広義の「たれ」を支える素材

2016年08月21日

広い意味の「たれ」がお料理の風味を左右すると申しました。では「たれ」を支える素材にはどんなものがあるのでしょうか?食品の風味(英語ではflavor)は舌で感じる味と鼻で感じる香りの二つの作用があります。フレーバーと言いますと、ともすれば香り,においのことと考え勝ちでして、味のことは軽く見られています。元来英語のflavorは香りと味が一体となった概念を持っています。商品名「味の素」で知られているMSGもフレーバーエンハンサー(風味を引き出す,引き立てる物質)として立派にflavor物質の仲間に入っております。Flavorは食品香料で,化粧品や石鹸,香水向けの香料はfragranceと呼ばれて区別されております。

食品の調味には、食品香料、香辛料・ハーブ、農畜水産物から得られるエキス類(出汁やブイヨンも含む)を主体とする天然調味料および、味噌,醤油、魚醤、塩麹、醗酵バターやチーズなどの醗酵生成物などが素材として使われてきました。より美味しい食品を開発するには、まず第一に食材の質がよくなければなりません。蔗糖や果糖や異性化糖などの糖類、イオン樹脂で精製した食塩から岩塩などの塩類、オリーブ油やごま油やバターやショートニングなどの油脂類などが、食材に加える副食材として使われています。

上に揚げました素材は単品あるいは調合されて、風味を強化しメリハリを付ける目的だけではなく、本来は食材の好ましくない風味を隠すのに使われています。食品・料理は,第一に食材、第二に副食材、第三に素材を巧みに組み合わされています。煮る、蒸す、焼く、炒める、揚げる、塩蔵する、燻煙するなどの調理方法が組み合わされるので、食品・料理の種類は無限にあります。美味しい食品が新しく生まれる可能性は大きいのです。

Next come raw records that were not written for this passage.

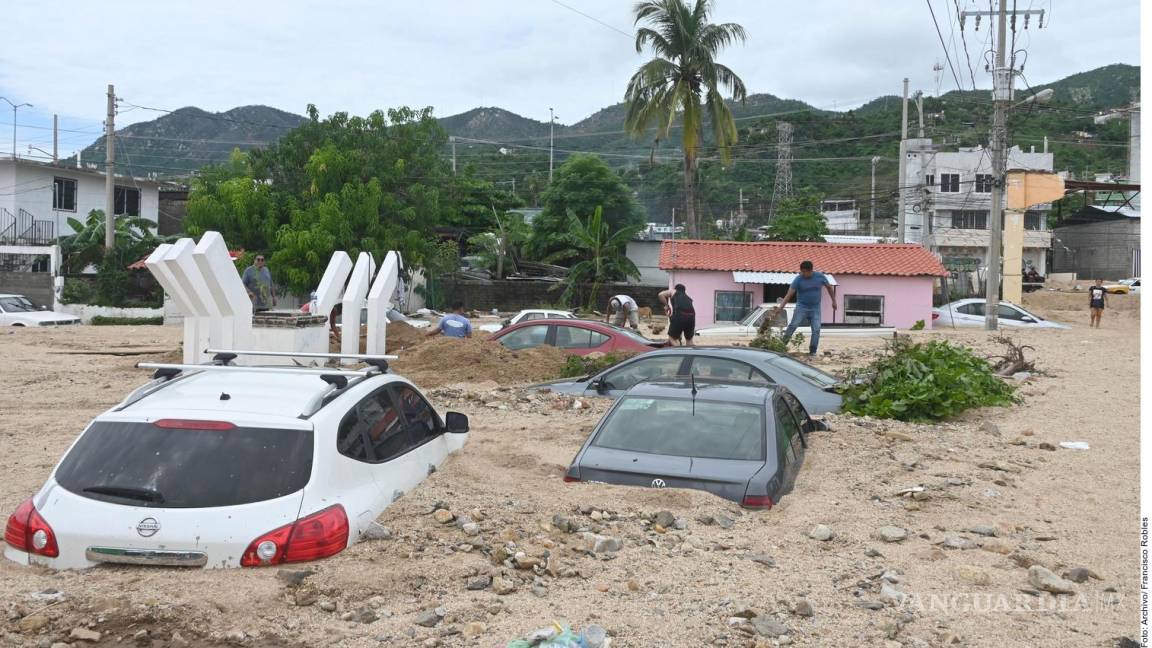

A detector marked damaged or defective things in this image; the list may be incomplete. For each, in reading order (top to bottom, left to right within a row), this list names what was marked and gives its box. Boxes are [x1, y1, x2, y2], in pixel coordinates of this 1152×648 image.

damaged car [560, 380, 820, 512]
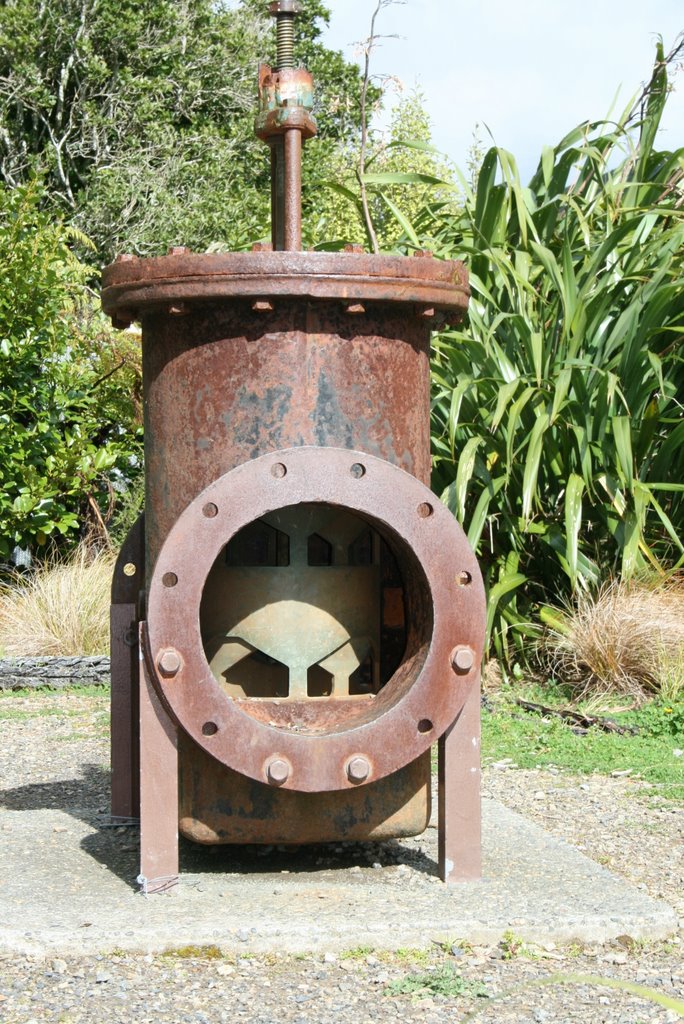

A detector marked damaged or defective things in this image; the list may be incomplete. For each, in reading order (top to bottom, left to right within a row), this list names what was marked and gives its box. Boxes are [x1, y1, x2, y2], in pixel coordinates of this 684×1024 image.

rusty water valve [104, 4, 483, 892]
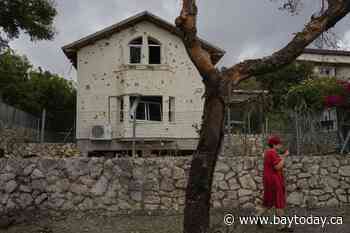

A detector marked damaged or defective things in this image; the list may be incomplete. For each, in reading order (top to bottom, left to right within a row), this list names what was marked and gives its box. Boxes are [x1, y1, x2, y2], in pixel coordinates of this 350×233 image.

damaged white house [62, 11, 227, 157]
broken window [129, 96, 162, 122]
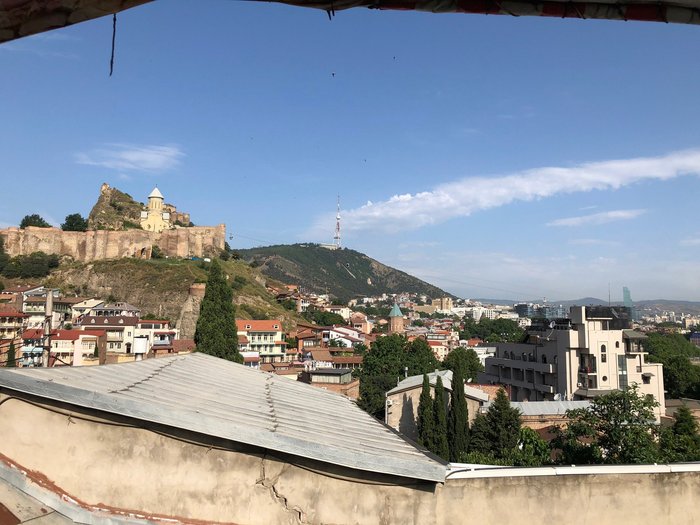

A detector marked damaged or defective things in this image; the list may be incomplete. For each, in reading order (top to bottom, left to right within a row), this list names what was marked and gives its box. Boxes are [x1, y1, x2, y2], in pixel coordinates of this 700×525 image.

crack in wall [254, 452, 304, 520]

私達人類は長い時間をかけて、住んでいる場所の環境に適応しながら今の食生活を創り上げました。日本列島は南北に長く、海に囲まれ、高い山が聳えており、四季があるので山海から得られる食材の種類は豊富で、季節に応じて旬の食べ物を楽しみ、微生物を利用した醗酵食品にも恵まれております。全国津々浦々に独自の郷土料理が発達している他、最近は世界中から食材、副食材、素材を取り寄せ、和食、洋食、中華料理等と世界中の食品・料理を楽しんでいます。日本ほど内外の多様な食事を楽しめる国はありません。